With that out of the way: Ugh.
Furious 7 spent far too much time wallowing in manufactured drama that it did not bother to earn. The film seemed to assume that I had been passionately tracking the various F&F character arcs, and was eager to be dropped straight into the kind of moist-eyed, conflicted navel-gazing that most films take an act and a half to set up.
My viewing experience can be summed up as follows.
- They are talking a LOT. I’ll try to care.
- Nope. Caring isn’t going to work for me. GET BACK IN THE CARS.
- Yay cars! And fighting! Why is there shaky cam? I can’t see what’s going on!
- Go to 1.
This went on for two hours and ten minutes, followed by a weird meander into a tribute to Paul Walker which, had it been any more thinly veiled would have been a documentary. And then the credits rolled, and 140 minutes felt far too long for what was basically a set-piece superhero-heist where all of the super powers are indistinguishable flavors of “make cars do absurd things” and “walk away from a rollover that any highway patrolman can tell you is not survivable.”
I’m glad that Paul Walker’s friends got to turn the end of the movie into a farewell, because that’s a nice thing, and I believe more people should be nice, but it felt like it belonged at the end of a different movie.

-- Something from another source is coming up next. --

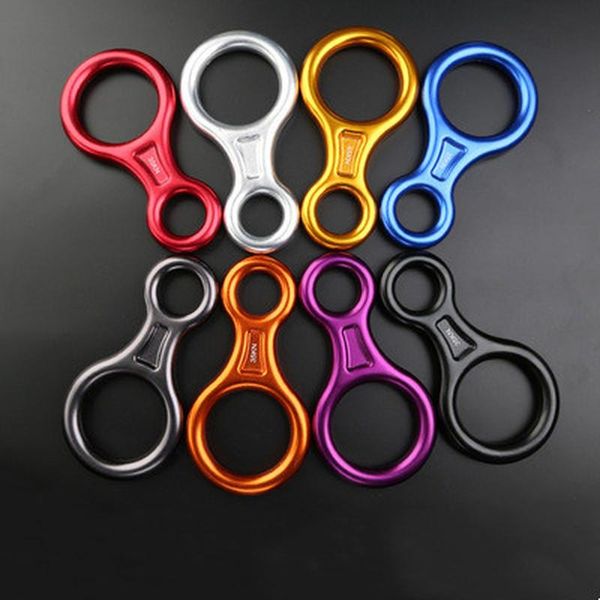 

cords, slings and webbing 14.4*7.4cm 8 word climbing ring rope descender gear belay device downhill eight rings 35kn figure rock descenders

Furious 7 committed a couple of unforgivable sins: It jumbled up Jason Statham’s fight scenes with jitter-cam, and then did the same thing to Rhonda Rousey’s fight. These are both top-notch physical performers, and their appearances were squandered. That’s sin #1 (though it should count as two.) Sin #2 is that the film took itself very seriously while still expecting me to believe in parachuting cars that can hit a remote mountain highway.
The good news is that I finally have a 2015 film that drops below my threshold of disappointment, providing the beginnings of symmetry to this year’s list.